Using a Statistically Calibrated Biphasic Finite Element Model of the Human Knee Joint to Identify Robust Designs for a Meniscal Substitute

[+] Author and Article Information
Erin R. Leatherman

Department of Statistics,
West Virginia University,
Morgantown, WV 26506
e-mail: erleatherman@mail.wvu.edu

Hongqiang Guo

Department of Biomechanics,
Hospital for Special Surgery,
New York, NY 10021
e-mail: GuoH@hss.edu

Susannah L. Gilbert

Department of Biomechanics,
Hospital for Special Surgery,
New York, NY 10021
e-mail: GilbertS@hss.edu

Ian D. Hutchinson

Department of Biomechanics,
Hospital for Special Surgery,
New York, NY 10021
e-mail: ihutchin@wakehealth.edu

Suzanne A. Maher

Department of Biomechanics,
Hospital for Special Surgery,
New York, NY 10021
e-mail: MaherS@hss.edu

Thomas J. Santner

Department of Statistics,
The Ohio State University,
Columbus, OH 43210
e-mail: tjs@stat.osu.edu

1Corresponding author.

Manuscript received October 11, 2013; final manuscript received March 31, 2014; accepted manuscript posted April 28, 2014; published online May 15, 2014. Assoc. Editor: Tammy L. Haut Donahue.
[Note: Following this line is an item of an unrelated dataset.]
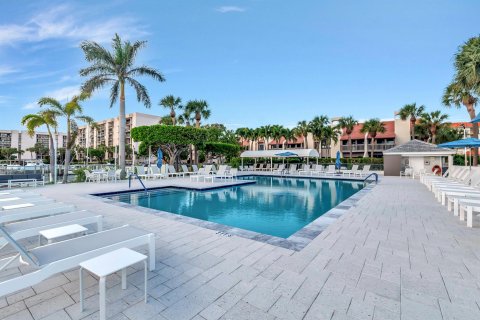 Copropriété à vendre à Boca Raton, Floride: 2 chambres, 112.88 m2 № 1160739 - photo 9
J Biomech Eng 136(7), 071007 (May 15, 2014) (8 pages) Paper No: BIO-13-1483; doi: 10.1115/1.4027510 History: Received October 11, 2013; Revised March 31, 2014; Accepted April 28, 2014

This paper describes a methodology for selecting a set of biomechanical engineering design variables to optimize the performance of an engineered meniscal substitute when implanted in a population of subjects whose characteristics can be specified stochastically. For the meniscal design problem where engineering variables include aspects of meniscal geometry and meniscal material properties, this method shows that meniscal designs having simultaneously large radial modulus and large circumferential modulus provide both low mean peak contact stress and small variability in peak contact stress when used in the specified subject population. The method also shows that the mean peak contact stress is relatively insensitive to meniscal permeability, so the permeability used in the manufacture of a meniscal substitute can be selected on the basis of manufacturing ease or cost. This is a multiple objective problem with the mean peak contact stress over the population of subjects and its variability both desired to be small. The problem is solved by using a predictor of the mean peak contact stress across the tibial plateau that was developed from experimentally measured peak contact stresses from two modalities. The first experimental modality provided computed peak contact stresses using a finite element computational simulator of the dynamic tibial contact stress during axial dynamic loading. A small number of meniscal designs with specified subject environmental inputs were selected to make computational runs and to provide training data for the predictor developed below. The second experimental modality consisted of measured peak contact stress from a set of cadaver knees. The cadaver measurements were used to bias-correct and calibrate the simulator output. Because the finite element simulator is expensive to evaluate, a rapidly computable (calibrated) Kriging predictor was used to explore extensively the contact stresses for a wide range of meniscal engineering inputs and subject variables. The predicted values were used to determine the Pareto optimal set of engineering inputs to minimize peak contact stresses in the targeted population of subjects.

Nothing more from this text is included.